Hygge time bonuses include snuggling with an animal of your choice. Could be a cat. Could be a dog. Could be a tortoise or hey, it’s that time of year, could be your familiar. Whatever. Animal cuddles. Just don’t spill the goldfish water and don’t let your cat fuck with your candles.

But hygge means doing things together. Comfy-cozy togetherness. Board games are particularly hygge: anything from Monopoly to backgammon, Superfight to checkers. Read to your kids, and pick something you like, none of that “Captain Underpants” stuff. Declaim poetry while wrapped in a muppet-fur blanket. Pick up The Hobbit. Lean into Ramona the Great.

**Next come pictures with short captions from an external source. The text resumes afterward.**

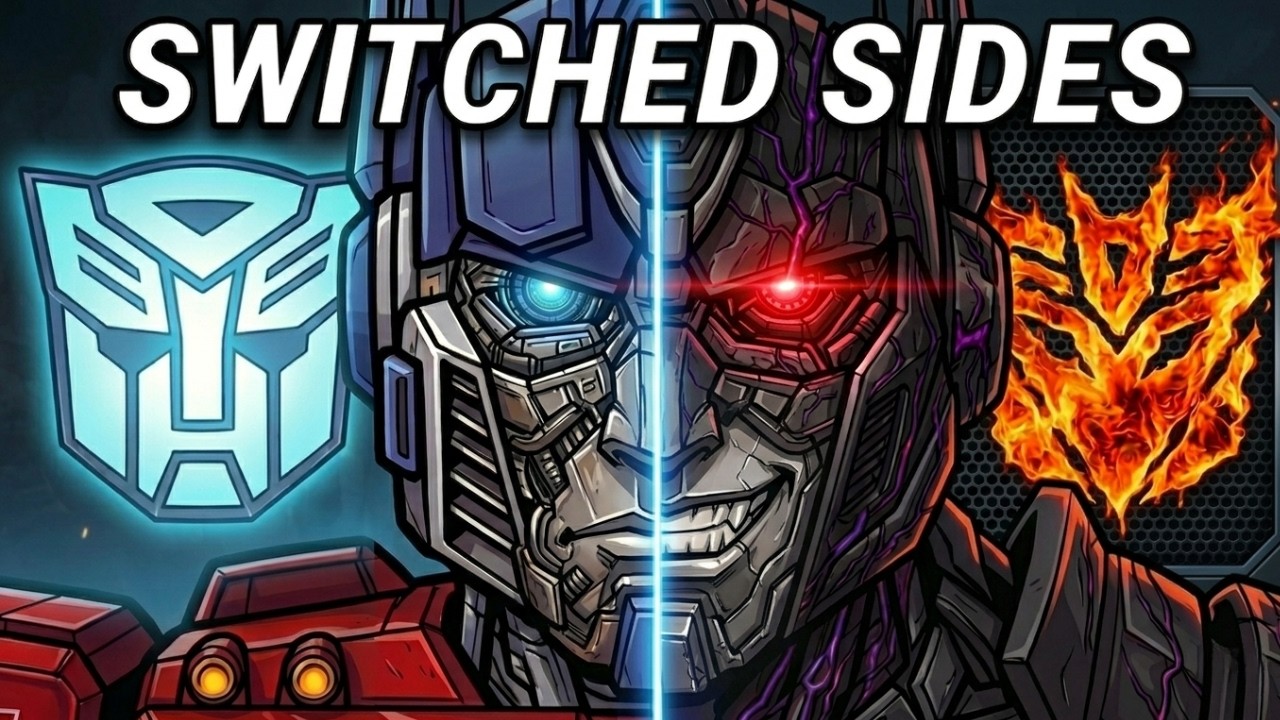 Every Autobot That Became a Decepticon Explained.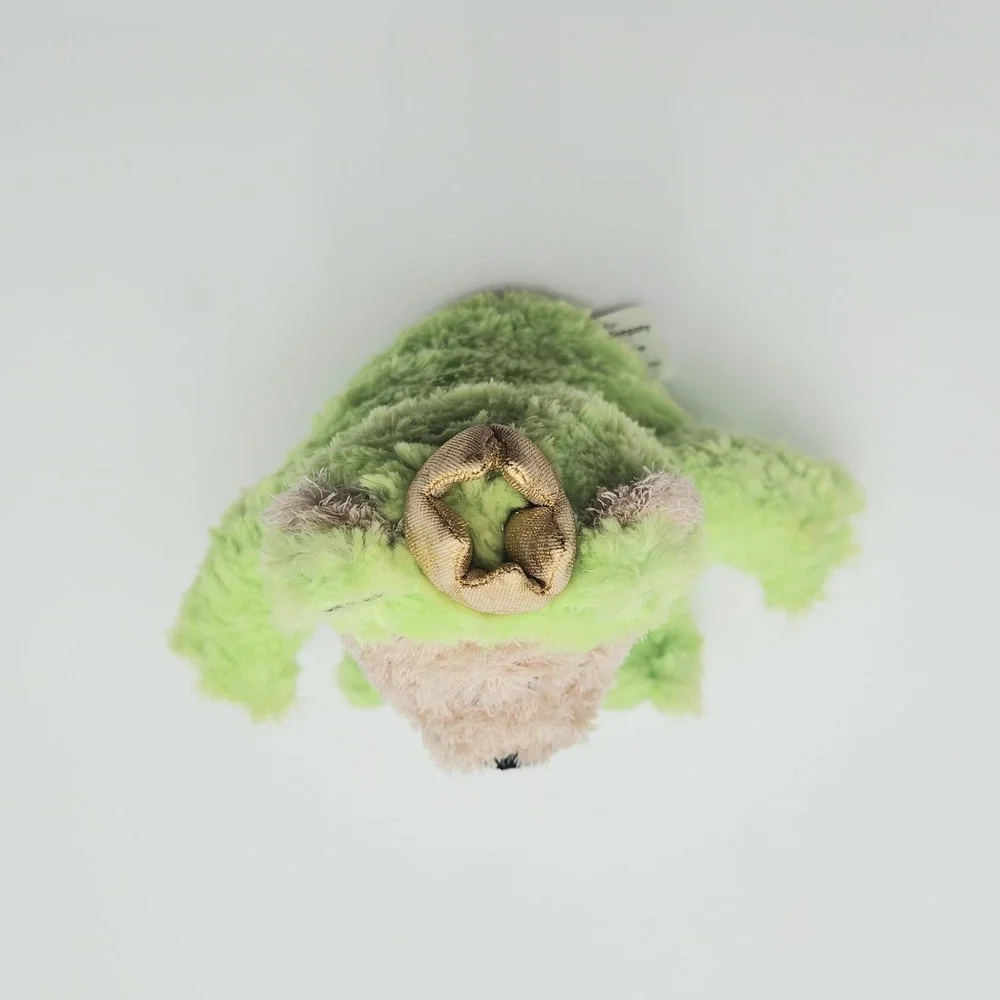 Starbucks 29th Edition Bearista Bear Plush In Kiss Me Green Frog Prince 10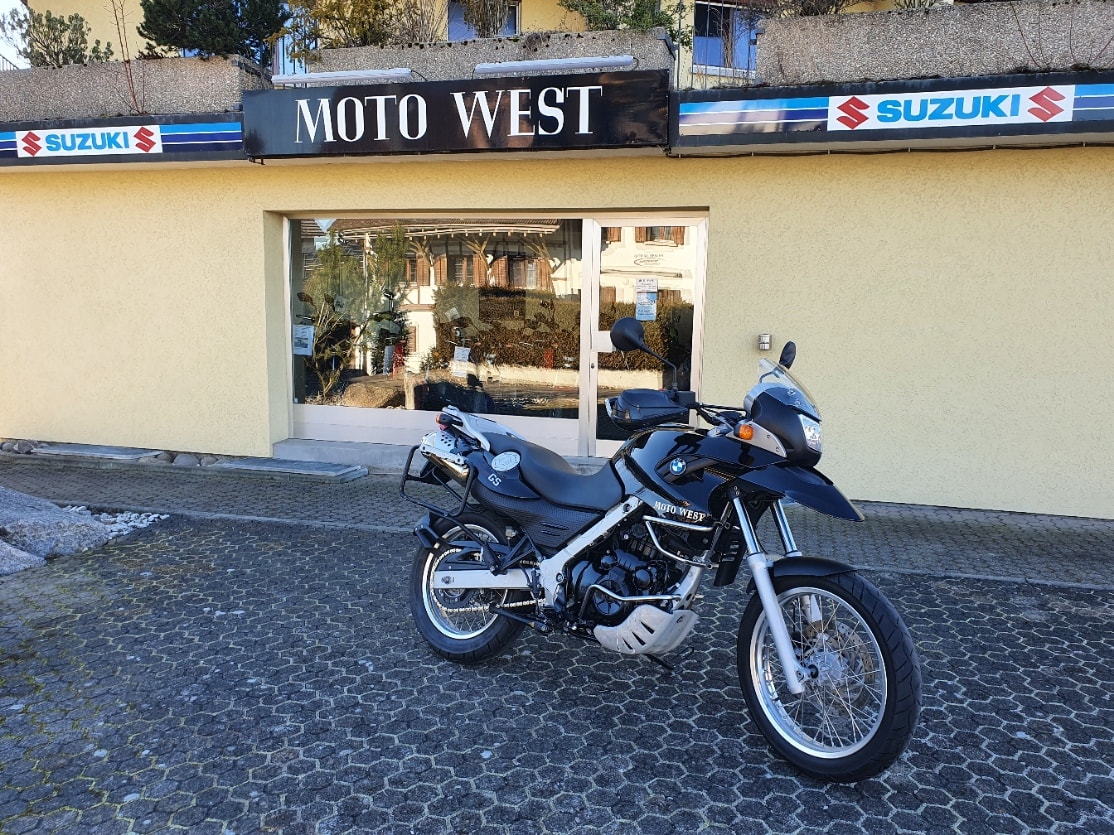 BMW G 650 GS ABS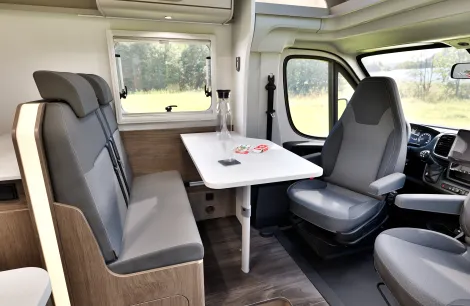 Front cabin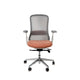 Chaise de bureau Emory, en tissu, vue en studio 7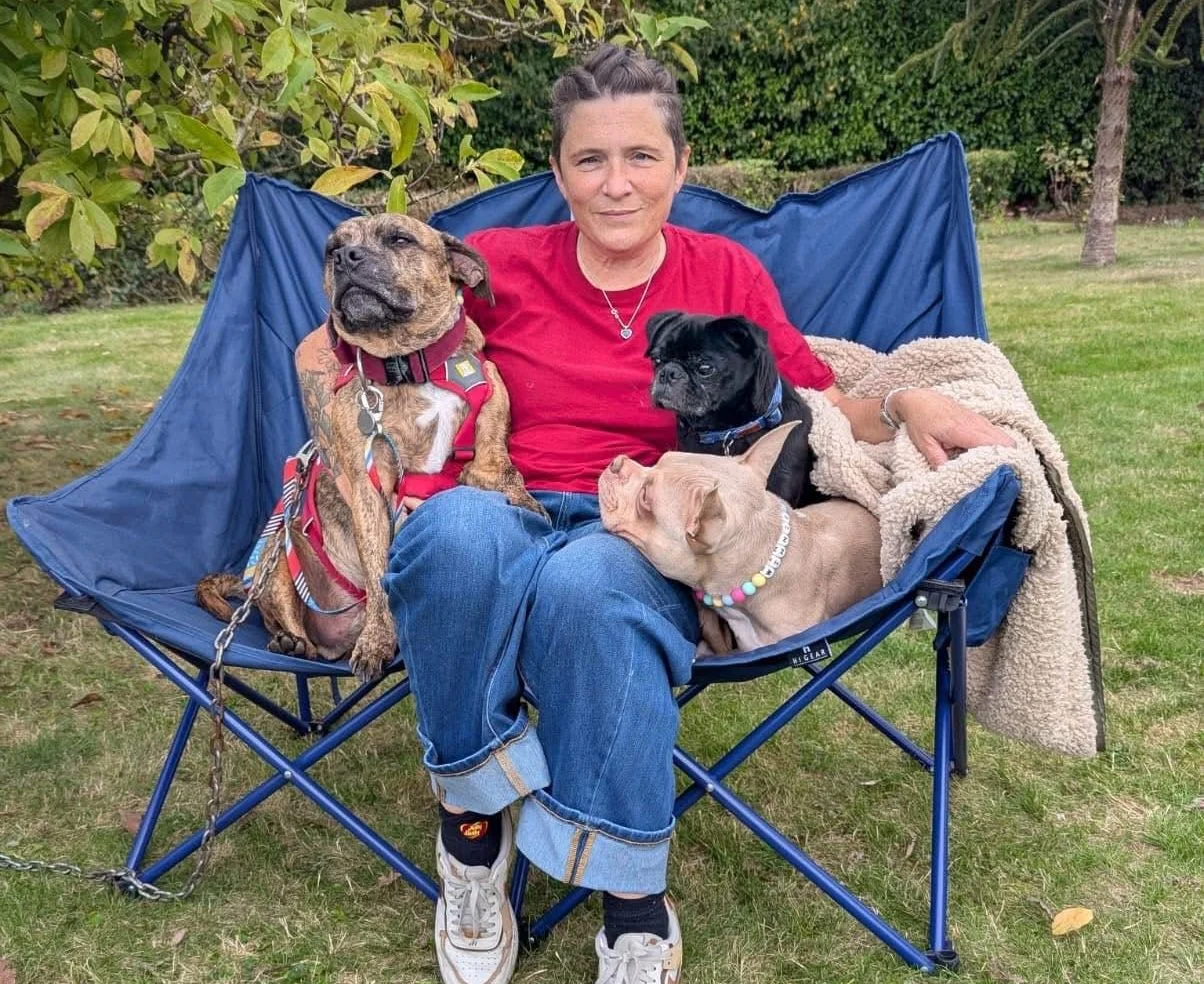 NEEDS TO RUN MARCH 2 - Wheelchair dogs - feature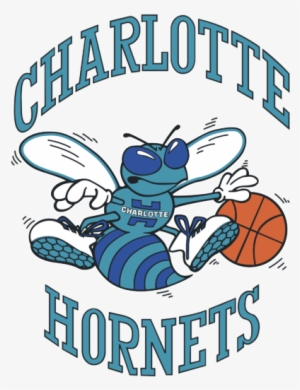 Charlotte Hornets 1 Logo Svg Vector & Png Transparent - Charlotte Hornets Logo 1988 #2723222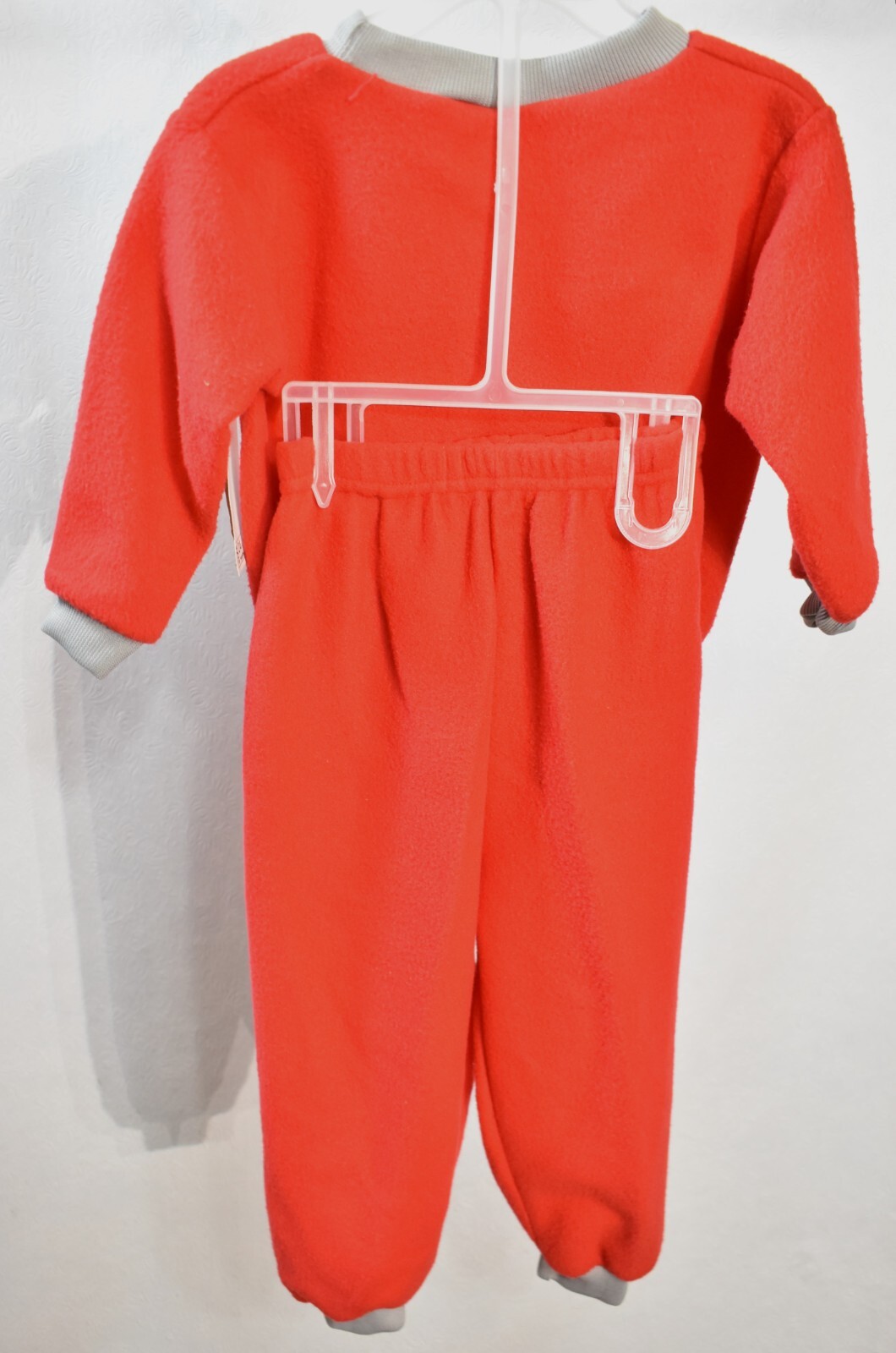 Vintage Basic Editions Hockey Shirt & Pants Fleece Set 24 Months Boy’s New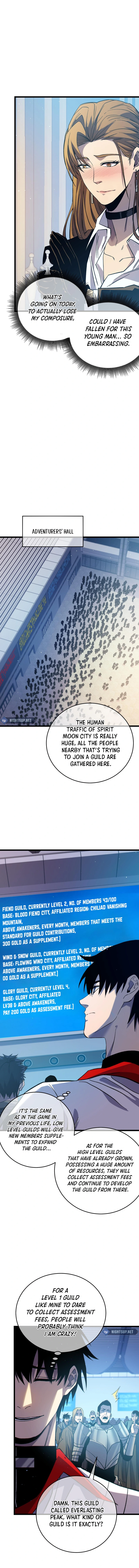 I Rely on My Invincibility to Deal Tons of Damage Passively! Chapter 74 - Page 5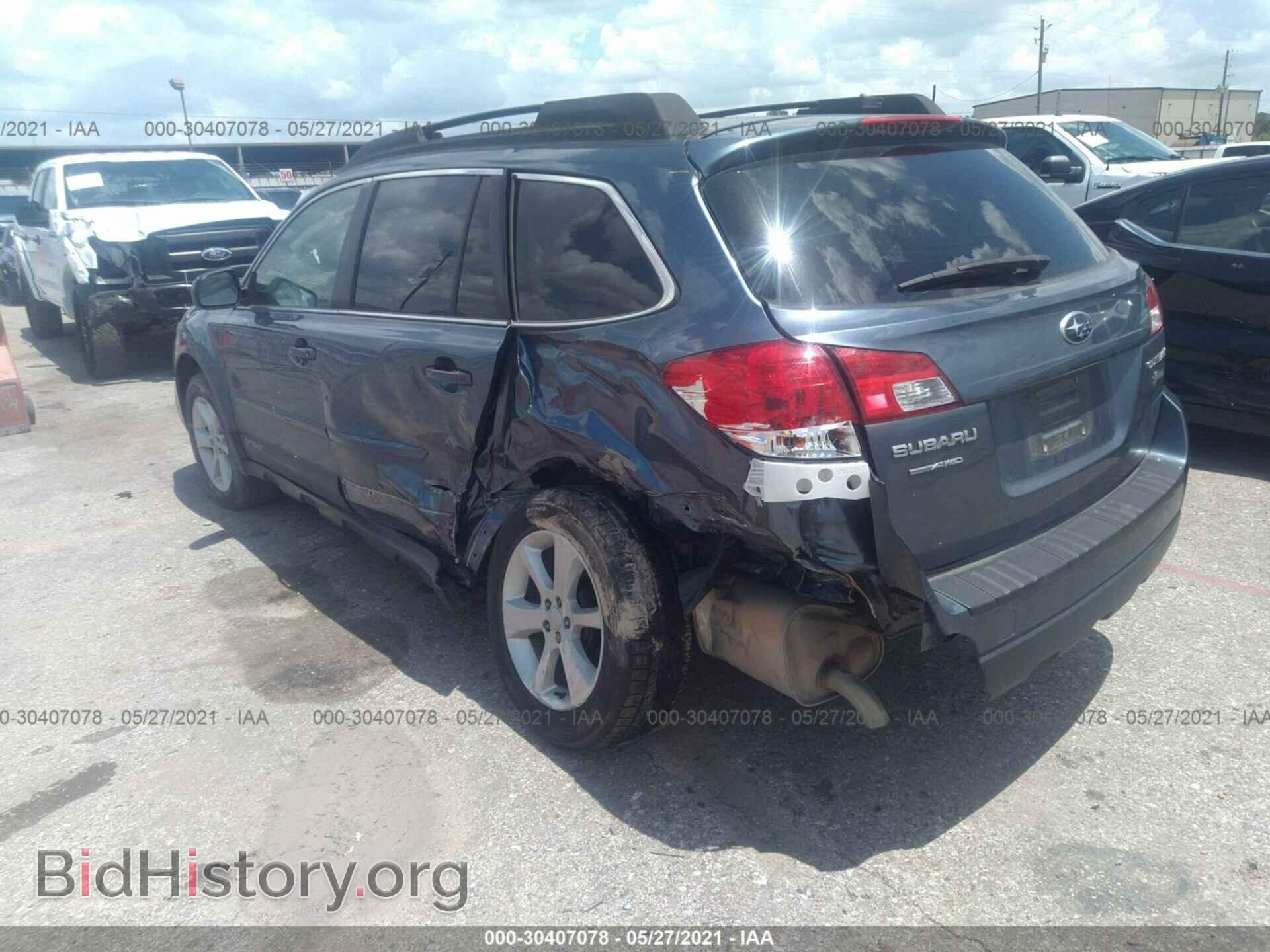 2013 SUBARU OUTBACK - VIN: 4S4BRCCC3D3309337 - Фото 3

Cuddle all your children on the couch with blankets and snacks. Turn on Hamilton. Sing by candlelight. Is that hygge enough for you? But don’t wear matching socks. Then you’re starting to Karen this hygge thing.

Hygge Time Is Happy Time

In the end, hygge time is a barrier against winter’s cold dark. It’s about getting together with those you love and staying warm. Mulled wine. Apple tart. Lots of pillows and quiet laughter. Your couch should be cozy and your coffee (or tea, if you’re that kind of freak) hot. Your candlelight should dance and perhaps smell like vanilla or cookies. Hell, maybe you should bake some cookies, just so you can take them out of the oven and eat them when they’re all melty-gooey and not quite done. You can’t buy warm, half-baked sugar cookies.

Stay warm. Stay cozy. We have entered the hygge time. May your time stay unproductive, and may your feet stay warm.